Researchers have found that common viruses are involved in the development of particular kinds of cancer. While knowledge regarding the process is far from complete, research has already led to the development of vaccines to help prevent certain forms of the disease, the American Cancer Society reported. A common vaccine, for example, protects against human papilloma viruses, a group of more than 150 viruses of which at least a dozen are known to be associated with cancer.

While vaccinations can help protect against some viruses associated with cancer, they are only effective prior to exposure.While vaccinations can help protect against some viruses associated with cancer, they are only effective prior to exposure.

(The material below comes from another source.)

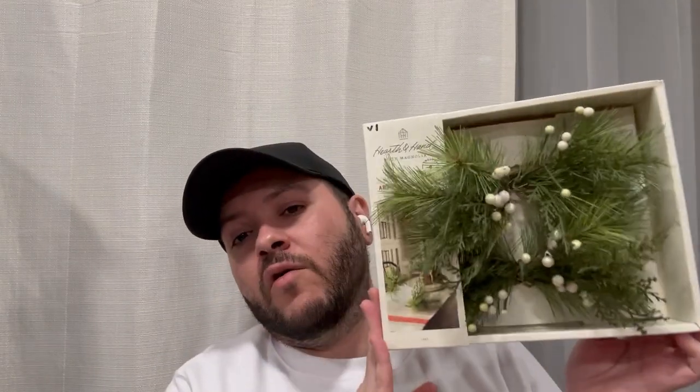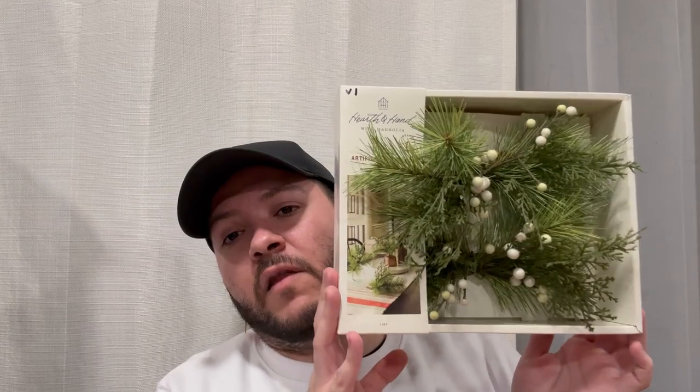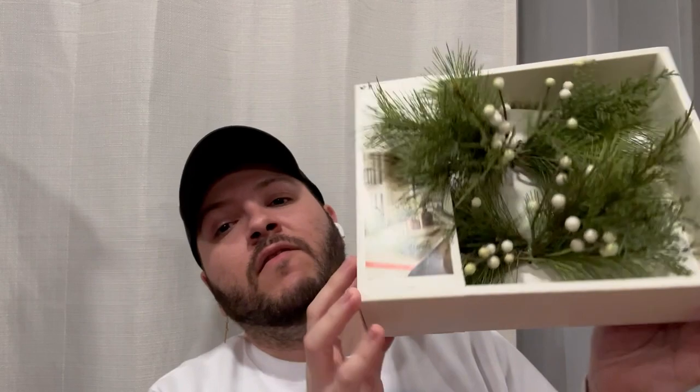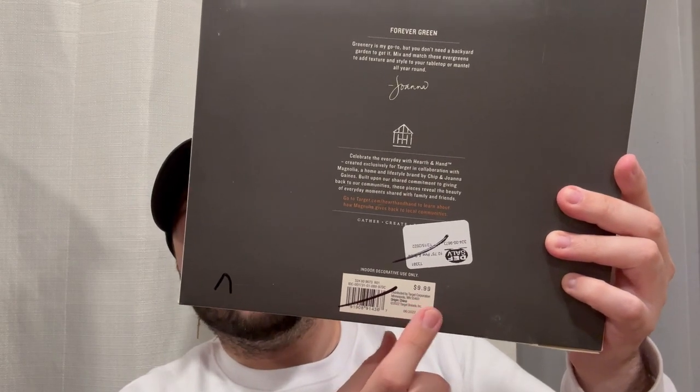I also found a Hearth and Hand piece — our Goodwills get a lot of these from Target. It was $5.99, still brand new in the box. It's the artificial bundle set — tied with white berries, a total of four pieces. It was originally $10, and Goodwill usually sells items for about half the price you'd pay at Target, so that made it home with me.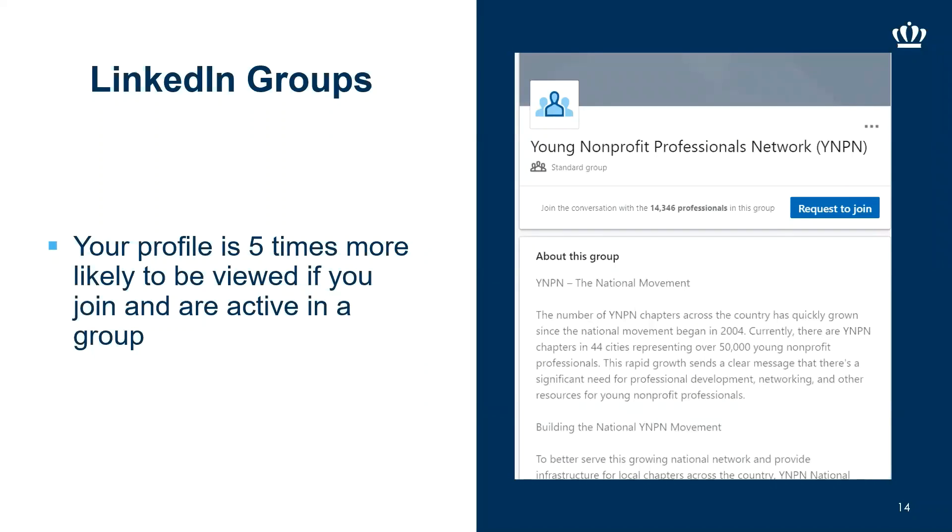Your profile is five times more likely to be viewed if you join or are active in a LinkedIn group. Great groups to join include your university group — ODU has groups — as well as professional associations or groups for people pursuing a particular career. Search for groups around whatever you're interested in, join discussions about your career field with people who work in it, and start networking. These conversations can lead to connections with potential colleagues, and you never know where a connection could lead.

However, the problem with these vaccines is that they're only effective if the person receives the vaccination before being exposed to the virus. Researchers are investing time into learning more about the relationship between cancer and viruses in the hopes that the information will help to find ways to fight the disease once exposure has already occurred. 

Understanding the mechanisms
The research team at Florida State University, led by Fanxiu Zhu, the FSU Margaret and Mary Pfeiffer Endowed Professor for Cancer Research, specifically studied Kaposi's sarcoma-associated herpesvirus. According to a statement from the school, the virus is associated with forms of lymphoma and Kaposi's sarcoma. The team screened all 90 proteins is the KSHV cell and found one that directly inhibited cGAS, a DNA sensor. 

"Eliminating KicGas in cells produced a stronger immune response."

After identifying the protein that inhibited the sensor, which they named KicGas, the researchers mimicked natural infection by infecting cell lines from humans with the Kaposi's sarcoma virus. When they eliminated KicGas in the cells, a much stronger immune response was produced. 

To better understand how the inhibitor functions, Hong Li, an FSU professor of chemistry and biochemistry who collaborated with Zhu, is building three-dimensional model of the interactions in the next stage of the research. Li, whose specific focuses are molecular biophysics and molecular biology, has already examined the protein's role in inhibiting the activity of cGAS in test tubes, the statement reported. 

"These are hard problems to solve, and there is still much to learn here," Li said.

There is certainly more to learn in the area, but figuring out how KicGas functions would be a big next step. 

Working toward increased defense
The researchers hope that understanding how the inhibitor functions will eventually lead to discovering ways that the cellular pathway can be manipulated so that a person can more effectively fight cancer.

"Once we figure that out, we can hopefully design something to fight the disease," Zhu said.

While fighting cancer is a clear application of the research, the benefits are not limited to patients with that particular disease alone.

"We can manipulate the protein and/or the sensor to boost or tune down the immune response in order to fight infectious and autoimmune diseases, as well as cancers," Zhu said.

By increasing understanding of how viruses cause cancer in this way, scientists will be able to use it to come up with more effective therapy options, potentially increasing patient outcomes.